The Golden Globes’ racist disqualification of filmmaker Lee Isaac Chung’s American-made Minari from its Best Picture categories will not be the last debacle from the embarrassing awards body—one that shouldn’t be given the time of day by anyone that enjoys movies nor screen time on a major network—but it does at least provide a jumping-off point to highlight the best movies of the year that were actually produced outside the United States.
Though, of course, all genres were well-represented this year in the global film industry, documentaries from around the world should be given special consideration. After all, in a year when virtual cinemas, streamers and online festivals overran traditional theatrical moviegoing, docs saw increases in audience and distribution possibilities. You might note that our larger Best Documentaries list features more non-U.S. entries than any other of our 2020 film lists. Yet, in a larger sense, international movies found similar traction across the board stateside thanks in part to the indie, arthouse feel that define many that reach the U.S and the distribution methods that accompany that style of film. They might not have made as big an initial splash as if they’d hit the theater in a normal year, but incredible achievements in drama (Martin Eden), animation (The Wolf House) and horror (La Llorona) surely benefited from Americans that might not normally venture outside their comfort zones finding themselves scrolling, scrolling, scrolling through any new movie offerings—regardless of nationality.

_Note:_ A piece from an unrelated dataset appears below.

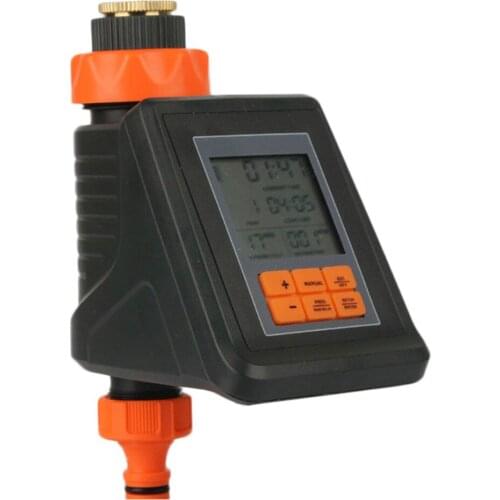 Watering Timer Programmable Smart Timing Irrigation Controller Automatic Sprinkler Timer for Garden Outdoor Faucet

Isolation and trauma provided a throughline for the year’s global films, which made the small bright interpersonal connections fighting past them resonate even more deeply. Here’s hoping that 2020 expanded some horizons and, perhaps, kicked off some newfound and loving addictions to international cinema.
Out of context, “accessible Quentin Dupieux” is oxymoronic, like “jumbo shrimp,” “bittersweet,” and “compassionate conservative,” but Deerskin, though every bit as strange as is to be expected from the Parisian DJ-cum-electronic musician-cum-filmmaker, makes sense without undercutting the qualities that define Dupieux’s body of work. It’s entirely unlike every other movie presently enjoying a last-minute VOD release, being a well-made, proudly weird, genre-agnostic commentary on themes ranging from middle age male vanity to navel-gazing, self-obsessed independent cinema. Unlike Dupieux’s prior work, à la Rubber, Wrong and Reality, Deerskin’s determination to explain itself as little as possible is complemented by its internal logic. The delight the film takes in the script’s eccentricities is inviting rather than alienating.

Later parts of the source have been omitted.